Using graph-based program characterization for predictive modeling

  • Authors:
  • Eunjung Park;John Cavazos;Marco A. Alvarez

  • Affiliations:
  • University of Delaware;University of Delaware;Utah State University

  • Venue:
  • Proceedings of the Tenth International Symposium on Code Generation and Optimization
  • Year:
  • 2012

Quantified Score

Hi-index 0.00

Visualization

Abstract

Using machine learning has proven effective at choosing the right set of optimizations for a particular program. For machine learning techniques to be most effective, compiler writers have to develop expressive means of characterizing the program being optimized. The current state-of-the-art techniques for characterizing programs include using a fixed-length feature vector of either source code features extracted during compile time or performance counters collected when running the program. For the problem of identifying optimizations to apply, models constructed using performance counter characterizations of a program have been shown to outperform models constructed using source code features. However, collecting performance counters requires running the program multiple times, and this "dynamic" method of characterizing programs can be specific to inputs of the program. It would be preferable to have a method of characterizing programs that is as expressive as performance counter features, but that is "static" like source code features and therefore does not require running the program. In this paper, we introduce a novel way of characterizing programs using a graph-based characterization, which uses the program's intermediate representation and an adapted learning algorithm to predict good optimization sequences.

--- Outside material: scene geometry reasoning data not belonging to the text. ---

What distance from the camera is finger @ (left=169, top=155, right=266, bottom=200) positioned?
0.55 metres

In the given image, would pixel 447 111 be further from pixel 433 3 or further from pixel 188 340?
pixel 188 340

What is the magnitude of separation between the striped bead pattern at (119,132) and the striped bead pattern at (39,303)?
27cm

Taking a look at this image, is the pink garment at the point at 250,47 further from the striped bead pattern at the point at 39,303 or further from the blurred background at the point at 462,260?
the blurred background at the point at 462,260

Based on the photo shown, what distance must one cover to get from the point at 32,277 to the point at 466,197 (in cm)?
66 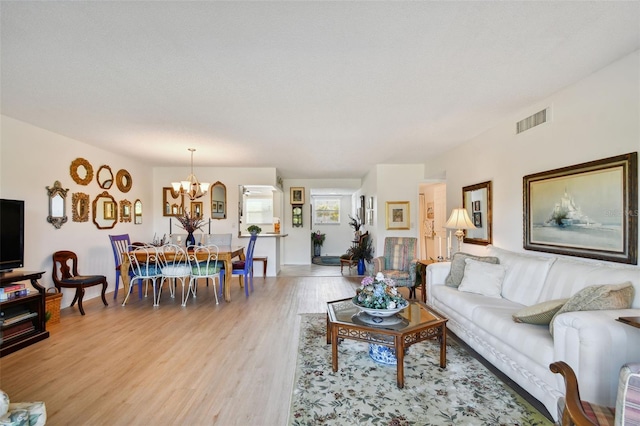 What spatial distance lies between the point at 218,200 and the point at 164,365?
4472 millimetres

To evaluate different characterization techniques, we focus on loop-intensive programs and construct prediction models that drive polyhedral optimizations, such as auto-parallelism and various loop transformation. We show that our graph-based characterization technique outperforms three current state-of-the-art characterization techniques found in the literature. By using the sequences predicted to be the best by our graph-based model, we achieved up to 73% of the speedup achievable in our search space for a particular platform, whereas we could only achieve up to 59% by other state-of-the-art techniques we evaluated.